● Problem:
Please restate the data that follows word for word, with the pictures left out.

● Material provided:
__________

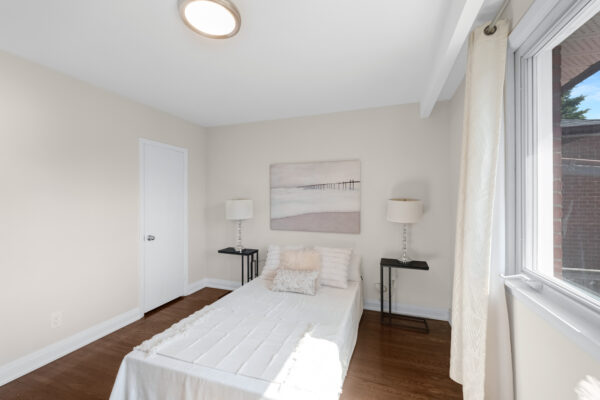1038-Alexandra-Avenue-Mississauga-Web-Salisbury-26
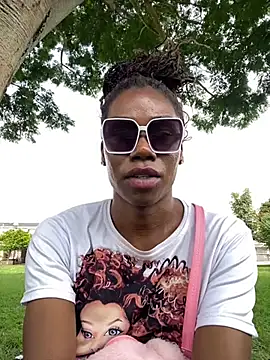 sweetsarabig22cm online show from March 3, 7:28 pm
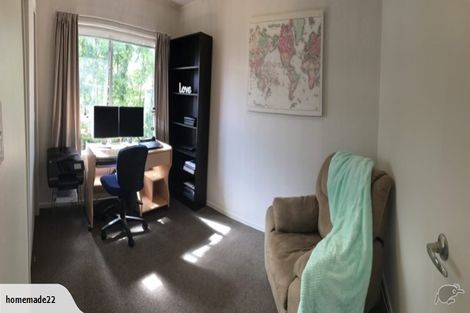 Photo of property in 2/218 East Coast Road, Forrest Hill, Auckland, 0620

__________

● Output of the task:
1038-Alexandra-Avenue-Mississauga-Web-Salisbury-26
 sweetsarabig22cm online show from March 3, 7:28 pm
 Photo of property in 2/218 East Coast Road, Forrest Hill, Auckland, 0620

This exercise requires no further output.